Top of Material supplied
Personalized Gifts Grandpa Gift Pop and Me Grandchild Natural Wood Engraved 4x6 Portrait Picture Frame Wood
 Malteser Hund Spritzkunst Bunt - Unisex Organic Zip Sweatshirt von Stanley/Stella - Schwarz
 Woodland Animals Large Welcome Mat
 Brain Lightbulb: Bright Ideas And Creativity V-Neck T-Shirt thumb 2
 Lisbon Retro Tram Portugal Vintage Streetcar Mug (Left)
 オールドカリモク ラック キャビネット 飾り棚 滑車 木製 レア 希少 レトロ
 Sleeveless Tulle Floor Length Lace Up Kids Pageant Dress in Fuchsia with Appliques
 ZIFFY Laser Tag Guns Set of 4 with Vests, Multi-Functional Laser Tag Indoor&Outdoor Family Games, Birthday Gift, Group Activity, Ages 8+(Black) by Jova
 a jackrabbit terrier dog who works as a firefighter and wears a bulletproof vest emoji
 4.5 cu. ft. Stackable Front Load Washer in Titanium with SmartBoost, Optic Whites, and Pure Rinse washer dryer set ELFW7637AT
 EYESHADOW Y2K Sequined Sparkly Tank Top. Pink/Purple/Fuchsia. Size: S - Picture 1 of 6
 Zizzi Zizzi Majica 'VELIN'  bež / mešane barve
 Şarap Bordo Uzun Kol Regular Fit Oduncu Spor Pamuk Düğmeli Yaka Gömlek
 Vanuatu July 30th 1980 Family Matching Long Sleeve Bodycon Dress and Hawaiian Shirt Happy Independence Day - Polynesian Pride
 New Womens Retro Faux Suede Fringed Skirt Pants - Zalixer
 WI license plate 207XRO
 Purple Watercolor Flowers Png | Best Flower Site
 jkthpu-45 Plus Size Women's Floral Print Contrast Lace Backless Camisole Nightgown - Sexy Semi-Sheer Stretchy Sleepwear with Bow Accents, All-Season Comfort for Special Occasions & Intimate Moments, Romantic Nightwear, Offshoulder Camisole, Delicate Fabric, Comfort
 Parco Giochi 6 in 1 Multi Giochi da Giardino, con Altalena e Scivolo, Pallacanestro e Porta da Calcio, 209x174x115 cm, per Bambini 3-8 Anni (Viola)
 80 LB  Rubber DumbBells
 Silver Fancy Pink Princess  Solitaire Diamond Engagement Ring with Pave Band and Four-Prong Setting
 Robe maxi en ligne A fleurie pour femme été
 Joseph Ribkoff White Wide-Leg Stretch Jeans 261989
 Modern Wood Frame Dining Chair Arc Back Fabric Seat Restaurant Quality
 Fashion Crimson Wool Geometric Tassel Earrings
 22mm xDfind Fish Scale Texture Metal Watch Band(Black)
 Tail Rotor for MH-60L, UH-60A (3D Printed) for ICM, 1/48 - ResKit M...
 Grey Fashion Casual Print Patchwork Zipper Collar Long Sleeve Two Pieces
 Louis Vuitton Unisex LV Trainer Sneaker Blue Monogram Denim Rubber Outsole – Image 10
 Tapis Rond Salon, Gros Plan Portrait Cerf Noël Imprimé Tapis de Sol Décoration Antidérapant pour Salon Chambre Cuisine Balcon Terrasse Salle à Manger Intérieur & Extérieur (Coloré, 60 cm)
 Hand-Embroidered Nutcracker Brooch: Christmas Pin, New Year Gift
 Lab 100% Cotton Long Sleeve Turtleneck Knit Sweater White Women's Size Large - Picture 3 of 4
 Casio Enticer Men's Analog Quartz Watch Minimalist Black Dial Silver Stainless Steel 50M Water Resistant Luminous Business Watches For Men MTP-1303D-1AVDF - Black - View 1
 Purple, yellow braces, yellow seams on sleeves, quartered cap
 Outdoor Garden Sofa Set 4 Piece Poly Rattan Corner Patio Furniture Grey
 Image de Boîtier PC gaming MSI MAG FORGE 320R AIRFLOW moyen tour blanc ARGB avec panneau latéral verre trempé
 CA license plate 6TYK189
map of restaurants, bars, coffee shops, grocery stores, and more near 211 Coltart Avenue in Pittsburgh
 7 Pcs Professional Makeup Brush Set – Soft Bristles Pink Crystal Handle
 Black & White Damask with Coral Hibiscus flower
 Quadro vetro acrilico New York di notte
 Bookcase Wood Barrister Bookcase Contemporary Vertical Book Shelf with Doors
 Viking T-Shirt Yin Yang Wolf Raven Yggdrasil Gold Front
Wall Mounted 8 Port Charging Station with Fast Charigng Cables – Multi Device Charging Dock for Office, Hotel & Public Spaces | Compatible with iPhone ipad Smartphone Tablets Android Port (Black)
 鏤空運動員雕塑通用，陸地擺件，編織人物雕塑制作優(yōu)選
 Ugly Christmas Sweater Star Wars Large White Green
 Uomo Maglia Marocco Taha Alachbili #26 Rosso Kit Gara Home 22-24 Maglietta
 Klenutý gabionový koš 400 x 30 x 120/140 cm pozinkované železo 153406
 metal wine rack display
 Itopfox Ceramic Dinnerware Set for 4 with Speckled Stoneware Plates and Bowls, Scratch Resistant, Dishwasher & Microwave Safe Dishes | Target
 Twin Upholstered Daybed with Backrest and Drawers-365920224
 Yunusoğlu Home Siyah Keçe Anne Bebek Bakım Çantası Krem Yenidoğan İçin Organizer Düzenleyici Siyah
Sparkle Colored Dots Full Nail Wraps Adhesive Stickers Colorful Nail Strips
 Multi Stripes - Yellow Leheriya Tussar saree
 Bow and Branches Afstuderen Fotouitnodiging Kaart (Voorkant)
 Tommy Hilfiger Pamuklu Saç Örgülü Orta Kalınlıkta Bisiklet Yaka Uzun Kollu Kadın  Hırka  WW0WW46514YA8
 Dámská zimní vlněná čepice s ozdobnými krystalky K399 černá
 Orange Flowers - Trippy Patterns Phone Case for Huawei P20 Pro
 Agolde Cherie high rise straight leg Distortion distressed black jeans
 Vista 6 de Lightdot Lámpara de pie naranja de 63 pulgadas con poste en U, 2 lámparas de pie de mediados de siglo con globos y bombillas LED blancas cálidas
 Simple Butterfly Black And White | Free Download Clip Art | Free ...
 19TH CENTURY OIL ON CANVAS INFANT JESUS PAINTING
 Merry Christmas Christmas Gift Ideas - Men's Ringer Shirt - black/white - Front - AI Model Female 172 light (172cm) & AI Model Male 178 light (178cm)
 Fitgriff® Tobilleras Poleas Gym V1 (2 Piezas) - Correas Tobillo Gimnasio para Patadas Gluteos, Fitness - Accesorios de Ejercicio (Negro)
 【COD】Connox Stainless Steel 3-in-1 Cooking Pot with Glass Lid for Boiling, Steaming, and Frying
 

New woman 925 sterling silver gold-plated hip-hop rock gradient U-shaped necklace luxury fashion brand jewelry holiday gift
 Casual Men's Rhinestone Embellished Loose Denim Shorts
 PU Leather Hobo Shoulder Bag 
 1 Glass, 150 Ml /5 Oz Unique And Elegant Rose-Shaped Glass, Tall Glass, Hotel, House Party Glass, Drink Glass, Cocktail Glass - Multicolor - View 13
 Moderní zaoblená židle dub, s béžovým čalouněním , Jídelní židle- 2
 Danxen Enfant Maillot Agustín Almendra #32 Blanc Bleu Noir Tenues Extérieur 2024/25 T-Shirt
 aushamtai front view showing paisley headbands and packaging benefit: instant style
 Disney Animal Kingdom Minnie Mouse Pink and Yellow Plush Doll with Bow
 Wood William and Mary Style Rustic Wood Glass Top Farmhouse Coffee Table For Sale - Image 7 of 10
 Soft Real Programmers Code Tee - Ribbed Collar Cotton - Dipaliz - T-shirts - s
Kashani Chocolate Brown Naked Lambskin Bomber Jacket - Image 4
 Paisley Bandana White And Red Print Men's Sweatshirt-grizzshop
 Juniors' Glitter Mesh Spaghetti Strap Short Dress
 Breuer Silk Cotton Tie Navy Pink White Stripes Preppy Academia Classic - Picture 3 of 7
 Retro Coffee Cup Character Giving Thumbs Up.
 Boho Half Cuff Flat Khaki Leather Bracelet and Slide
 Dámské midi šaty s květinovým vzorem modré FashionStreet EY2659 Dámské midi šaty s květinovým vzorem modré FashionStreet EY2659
Bottom of Material supplied
▸ **What is being asked**
Take the line above containing "7 Pcs Professional", the line containing "Bookcase Wood Barrister", and all lines in between, and copy them exactly without anything else.

▸ **Response**
 7 Pcs Professional Makeup Brush Set – Soft Bristles Pink Crystal Handle
 Black & White Damask with Coral Hibiscus flower
 Quadro vetro acrilico New York di notte
 Bookcase Wood Barrister Bookcase Contemporary Vertical Book Shelf with Doors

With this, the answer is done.